Why would I want to be able to make bonbons myself?
Being able to make bonbons, is a skill that you can apply throughout your life. Bonbons are great gifts to give, especially if you made them yourself, to basically anyone for any occasion. Of course, you can also gift them to yourself and experiment your way to creating your perfect bonbon. The variations are only limited to your own imagination. With some practice, you will be able to make something that looks finger-licking good.

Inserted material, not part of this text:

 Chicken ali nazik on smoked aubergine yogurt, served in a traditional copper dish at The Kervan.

What do I need to make my own bonbons?
You will need a bonbon mould and couverture chocolate, preferably a high quality one. The variation possibilities already start here, as you can get different moulds for differently-shaped bonbons and different couverture chocolate for a different taste. Those are the basic things you need, next comes the ingredients for the ganache (=filling) and possibly something to sprinkle on top of the bonbons.
How to make the bonbons?
Tempering the chocolate is an essential step for making a smooth evenly-colored shell for your bonbons and requires you to become a bit of a chemist as you take the chocolate through a temperature curve. We mentioned earlier that you need couverture chocolate as it has additional cocoa butter, which is ideal for tempering.

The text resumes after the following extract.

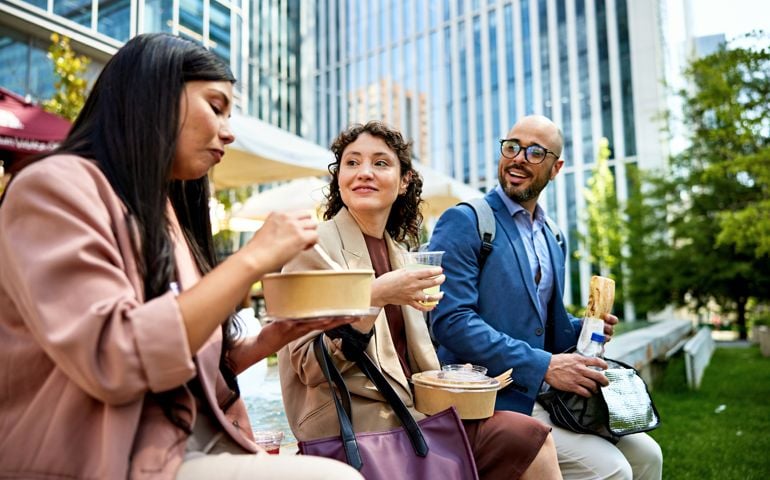Office workers eating lunch together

What you need is a medium-sized pot for heating water, a metal bowl that fits inside the pot and a rubber or silicone spatula. First, heat the water and bring it to simmer, then turn off the heat. Second, put 2/3 of your chocolate inside the bowl and place the bowl inside the simmering water. Water ruins the process, so make sure to use a dry bowl and don’t let any water from the pot enter the bowl. Do not stir until the chocolate is 2/3 melted, allowing it to melt further. Third, if melted, remove the bowl and place it on a kitchen towel, then stir in the remaining 1/3 of your chocolate. This is called seeding. As your mixture starts to cool down, make sure there are no solid pieces of chocolate left in the bowl.
The chocolate should be below your body temperature and you can check by holding the spatula against your lower lip or just above your wrist on the inside of your arm. If it feels refreshing, the chocolate is at the right temperature and so you can get your chocolate mould out (to be precise, the chocolate should be cooled down to 32 degrees Celsius). Pour your chocolate into the moulds by using a teaspoon or a piping bag, do not fill more than half. Then put the mould into the fridge and regularly check to see whether the chocolate has hardened. Then add the ganache, again do not fill the mould completely as the final step is to add another layer of melted chocolate. Return to the fridge once again until they are hardened. Once they are ready, store in a cool, dry place (not the fridge!).
Your ganache can be anything and so we do not describe how to make that. Instead, we recommend to experiment until you find a combination of flavours that you absolutely love.